Exercise data
━━━━━━━━━━

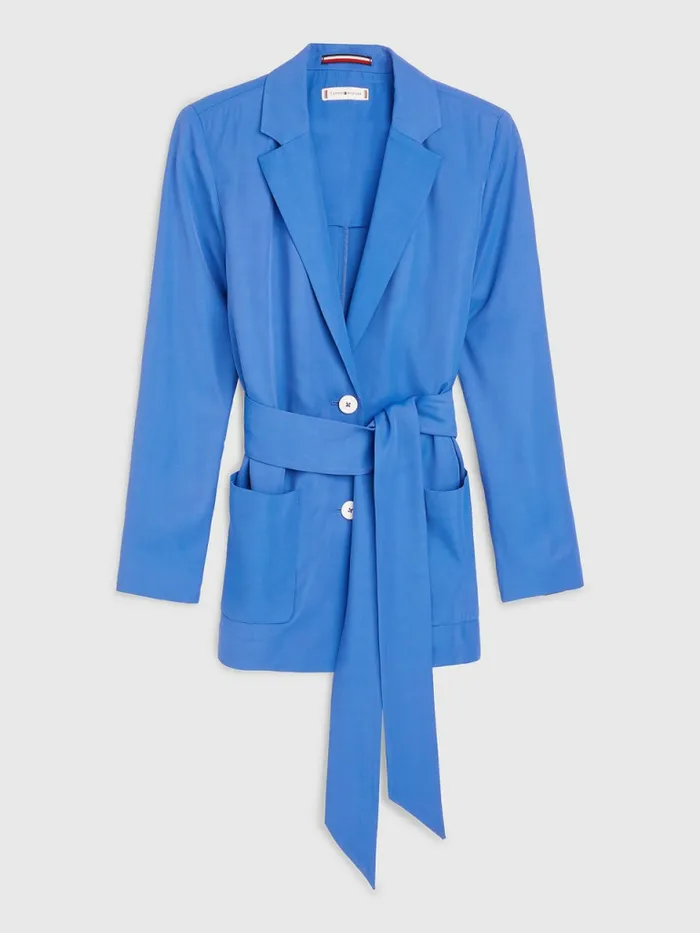 Tommy Hilfiger Exclusive Belted Blazer Verona Blue Womens Blazers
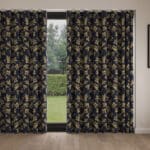 Sara Miller Etched Leaves Deep Navy Wave Curtain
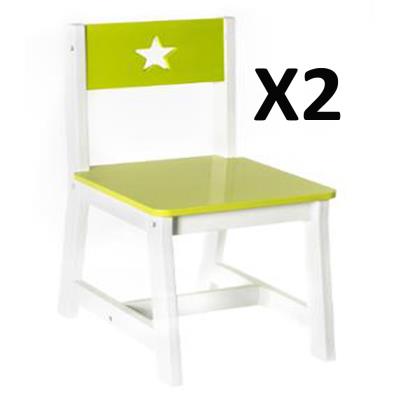 Lot de 2 Chaises pour enfant en bois vert et blanche, L 28 x P 37 x H 56 cm -PEGANE- pour 47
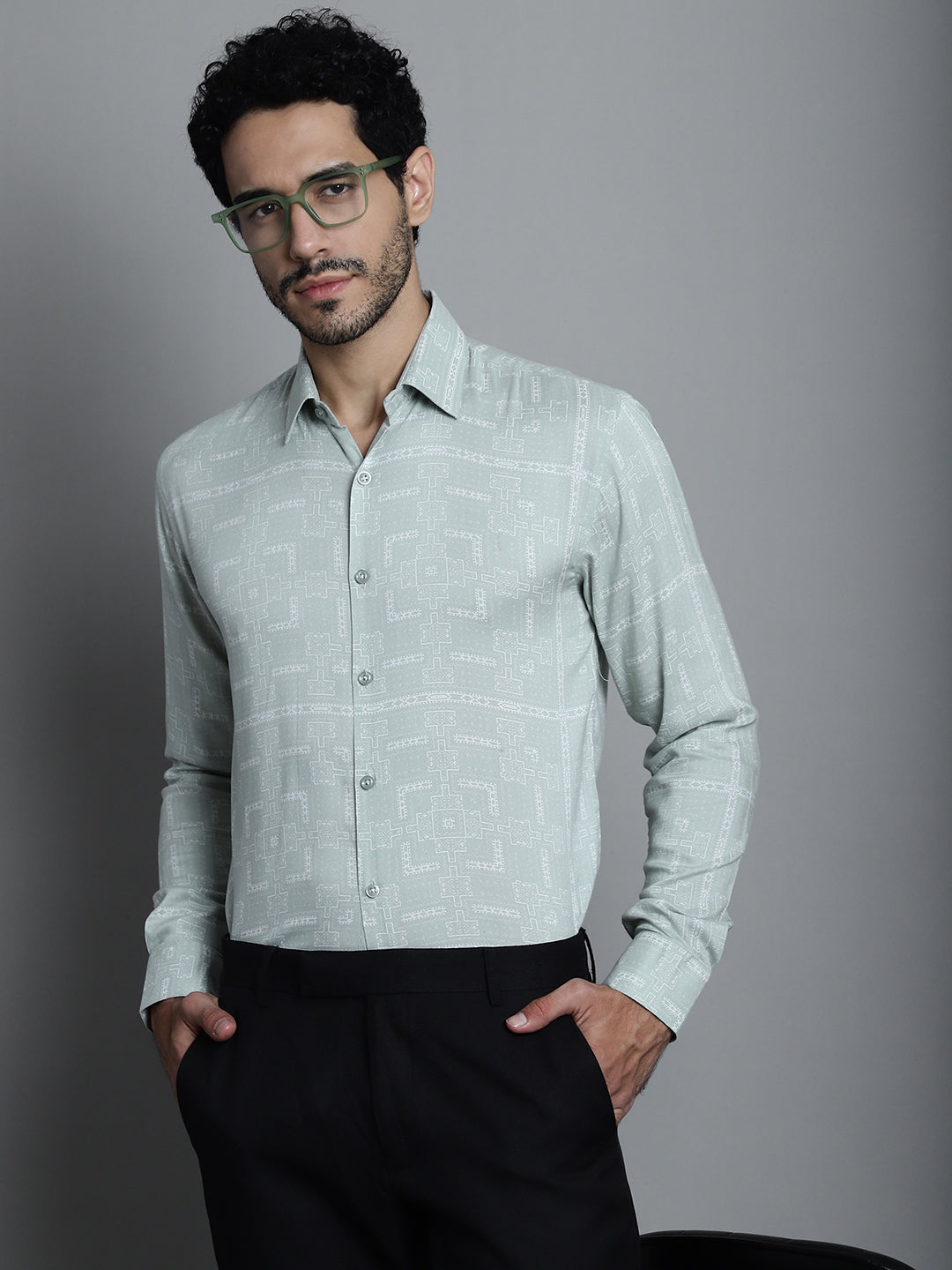 Jainish Men's Geomatric Printed Formal Shirts - Pista | Grocsy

━━━━━━━━━━

What the exercise asks
Please retype the data exactly as it appears, but without any of its pictures.

Answer area
 Tommy Hilfiger Exclusive Belted Blazer Verona Blue Womens Blazers
 Sara Miller Etched Leaves Deep Navy Wave Curtain
 Lot de 2 Chaises pour enfant en bois vert et blanche, L 28 x P 37 x H 56 cm -PEGANE- pour 47
 Jainish Men's Geomatric Printed Formal Shirts - Pista | Grocsy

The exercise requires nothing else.